最小限の車線規制、急速施工、供用中の改造──。工事に伴う渋滞の影響を最小化するため、高速道路の更新・修繕事業では様々な技術が開発されてきた。さらに将来を見据えて、更新時に高耐久化、高品質化を目指す動きも見られる。特定更新で生まれた技術を総ざらいする。
特定更新事業で大きく進化した技術とは──。高速道路会社の技術担当者を取材して、最も多かった回答は車線規制による限られた範囲内で床版など構造物の撤去・設置をこなす技術だった。事業の必要に迫られて、建設会社などが様々な工法を開発してきた(資料1)。
事業開始当初は、余裕を持って2車線の規制の範囲内で床版を取り換える工法が主流だったが、最近では1車線規制の範囲内で更新する技術を各社が生み出している。
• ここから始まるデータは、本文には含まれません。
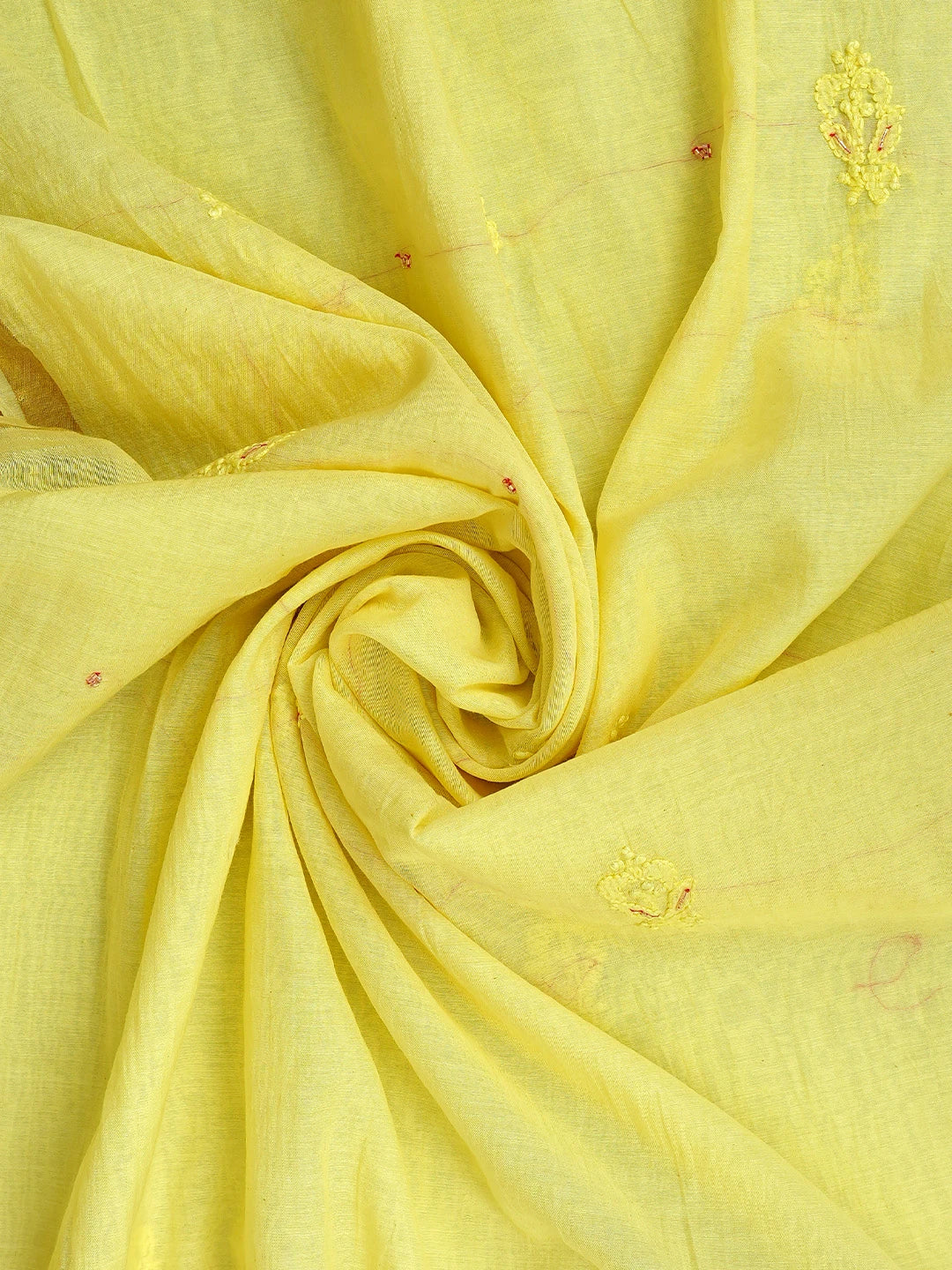 Ada Hand Embroidered Lemon Chanderi Lucknowi Chikankari Semi-Stitched Anarkali Kurta Dupatta Set With Cutdana Work 01A833575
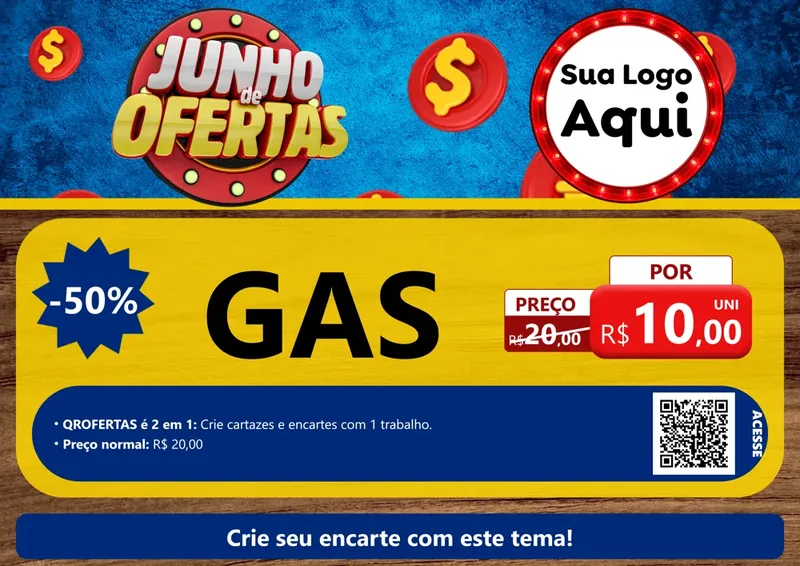 Modelo de Cartaz para Cartaz A4 Horizontal com o tema Junho de Ofertas para Água e gás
中央自動車道の弓振川橋の床版取り換えでは、中日本高速道路会社と大林組が共同で開発した「DAYFREE(デイフリー)」工法を採用した。夜間の1車線だけの規制で工事を進められる(資料2)。
具体的には1夜間目で既設床版、桁の付着物を撤去して、仮設床版を設置し仮舗装。翌朝開放して、2夜間目に仮設床版を撤去して、新しい床版を架設。防水・舗装して翌朝に開放できる。
鹿島も1車線のみの規制で床版を更新する技術を開発した。「幅員方向分割SDR(スマート床版更新)システム」だ(資料3)。1日7時間程度の作業時間で、延長60mの床版を取り換えられる。
交通を規制している車線の床版と隣接する供用路線の床版との接合部では品質を低下させないために、プレート型の継ぎ手を採用。PC(プレストレストコンクリート)鋼棒で仮接合して一体化する。
また工事エリアへの一般車両の誤進入を防ぐため、幅30cm程度の狭い占用範囲でも設置できる特殊な防護柵も同時に開発した。
床版架設機・撤去機は、10tトラックと15tトレーラーで運べる仕様にした。クレーンを使わず、安全かつ高速に組み立て、撤去できるよう留意したという。